Start-up culture is growing rapidly in India with start-ups coming up all over the country.

Bangalore, New Delhi and Mumbai remain the key start-up hubs but other areas like Hyderabad, Chennai, Pune, etc. are not too far behind.

There are a lot of positives but the fact remains that 80 per cent start-ups fail in the first three years.

It's harsh but a fact.

There are multiple reasons why a start-up fails and after going through much of the web, I came up with a list of 10 major reasons that lead to the downfall of a start-up:


1.      Lack of Focus:-

It’s necessary for stakeholders to be focused on their plans. In this ever-changing world any business cannot afford to lose its focus, let alone the new start-ups. It is common for start-ups to not to earn any profit in first 2-3 years, in some cases this period goes well beyond 10 years as well but still the valuation rises rapidly day by day. But these potential based valuations fall even more rapidly if there is any adverse situation or news in the market. That’s why it becomes necessary for stakeholder to keep an eye on every movement in the market. One has to understand that it is not only their concept and business models that matter in the game of valuation but also the overall macro-economic conditions. For example, Flipkart and Snapdeal were valued very high, but as soon as amazon started pumping the money in Indian online retail business, their valuation gone down very rapidly. It should not be surprising if either or both of them get liquidated or merged with each other or Amazon very soon because they won’t have sufficient funds to compete with a giant like amazon.

2.      One more day rule:-

Recently I was listening to the podcast “We study billionaire” where Indian Multimillionaire Manish Pabrai was being interviewed. My take away from that podcast was this “One more day rule”. It’s necessary for a start-up to not to lose hope in hard times. In such times, its important to not to think about very long term but to only focus on “How to survive for one more day”. What actually happens in some of the cases is that the stakeholders’ starts analyzing for very long term and then they don’t find themselves in situation where they can perform the way they want to and then they give up. If you have started something, you have got to believe in it and try to take it as farther as you can.

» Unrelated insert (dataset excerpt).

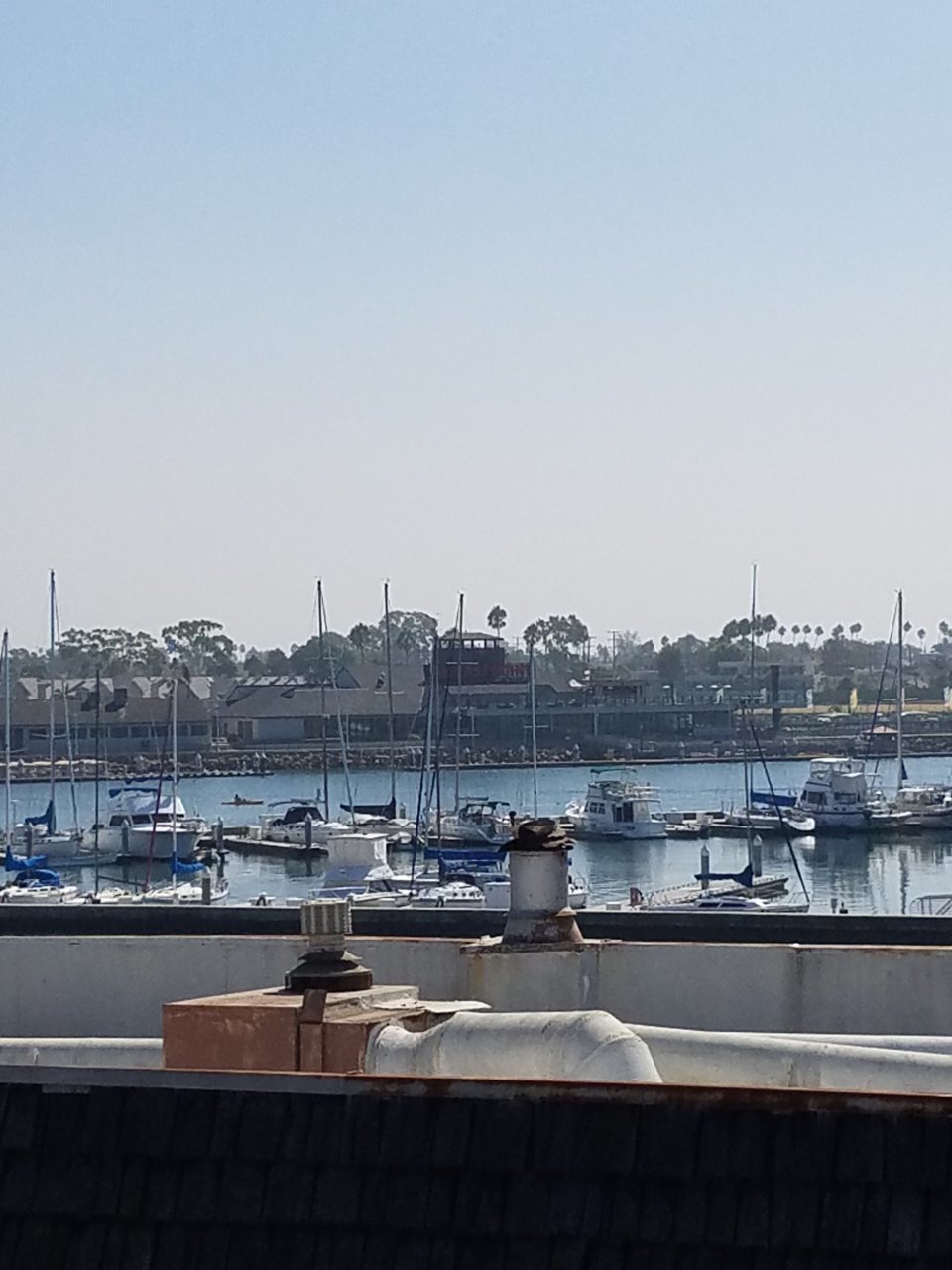 20180913_104638.jpg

3.      Needless acquisitions:-

In some of the recent start-up failures like “Ask Me” it has been observed that as soon as they get the funding they start making the acquisition and expansion planning rather than focusing on their strength and core business. Generally, this happens due to three major reasons

  •  They want to buy the competitors before they grow further to maintain a monopoly on the market
  • They want to expand themselves geographically. So they buy the similar business existing in other geographical areas.
  • They want to diversify the business by entering into new market.

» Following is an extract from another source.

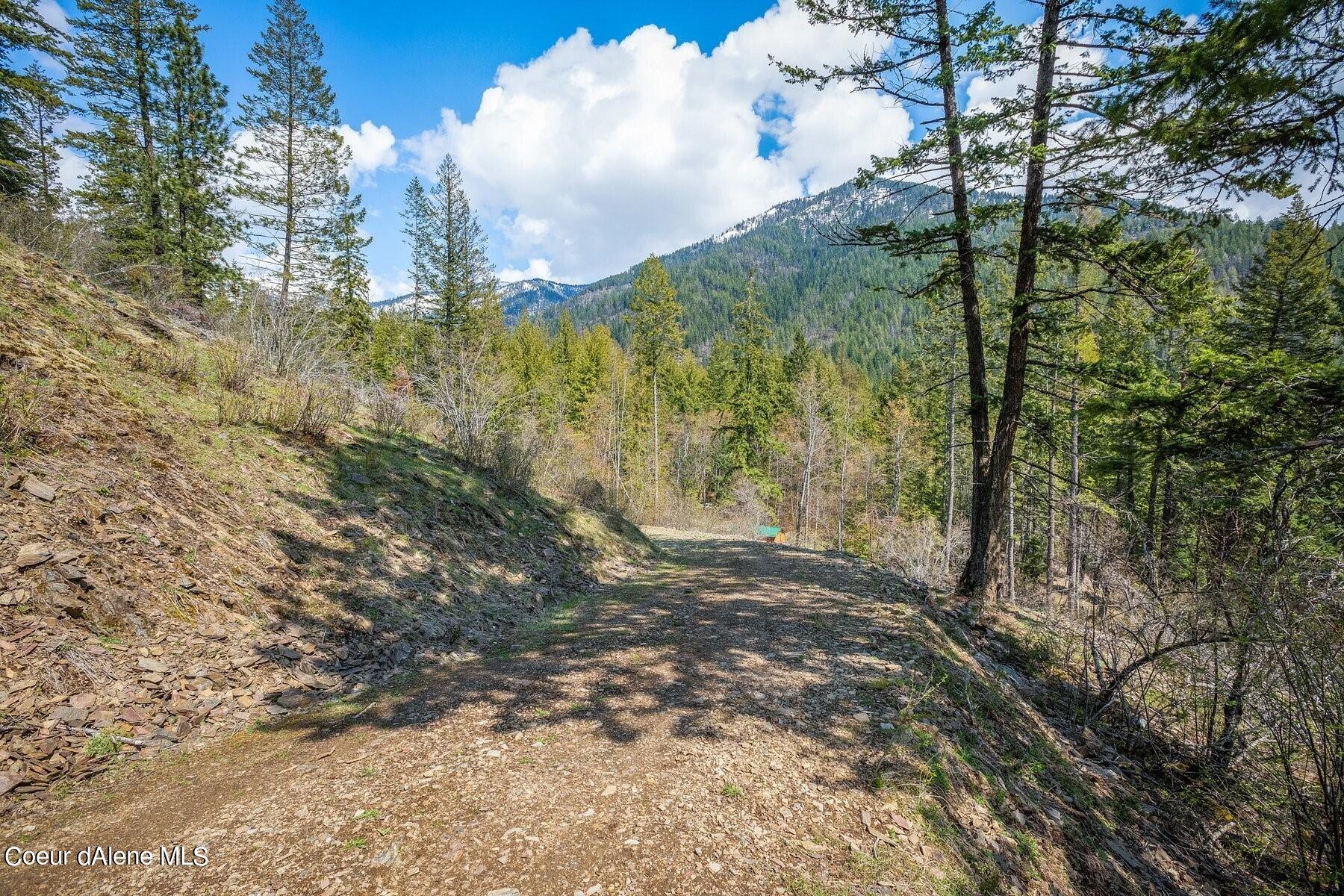 Wooded mountain property with a rocky access road and forested mountain views.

There is nothing wrong in either of the strategy but the fact is before carrying anyone else’s burden you have to be strong enough to carry yours. Expansion is the need of the hour but that is not the only thing to focus on. In fact, the first focus should be on the product and the quality of service, and then when the time comes and the funding is there one can go out and look for the expansion. Because it’s not the size of the market but the quality of the service that will help you survive initially. Paytm has become a household name these days but somehow they are making a mistake by entering in to new market very quickly. If we talk about the services provided by Paytm, they are majorly in following markets

  • Wallet and payment banks- With competitors like Airtel / Freecharge/ Amazon and entire banking industry
  • Events booking- With competitors like Bookmyshow/ Ticketnew and other small players
  • Flight booking- With competitors like Makemytrip/ Cleartrip/ Goibibo etc.
  • Hotel booking- With competitors like Oyo Rooms/ Makemytrip/ AirBNB
  • Online Retail- With competitors like Amazon/ Snapdeal/ Flipart and other specific market focused players like Groffers/ BigBasket
  • Recharges- With competitors like Freecharge/ Airtel/ Vodafone and local recharge shops
  • BusBookings- With competitors like Redbus/ Mybus etc.

This list goes on and on and Paytm is spreading its wings everywhere. From an investors point of view it is important to see that who the competitors are and how quickly the start-up would be able to adapt itself to compete with them. At the moment, everything is going right for Paytm but it is only a matter of months before things start falling apart. Any person with a bit of market knowledge can imagine how tough it would be compete with companies like AirBNB, Amazon, Entire Banking Industry/ Airtel/ Bookmyshow and other giants like them.

4.      Weak technology

As we discussed above, it is necessary to focus on the product, quality of the service and after sales facility at first before thinking about anything else. Some of the start-ups rose very quickly to reach the billion $ valuation figure but they started focusing on other stuffs like expansion/ international markets/ acquisitions/ New product line etc.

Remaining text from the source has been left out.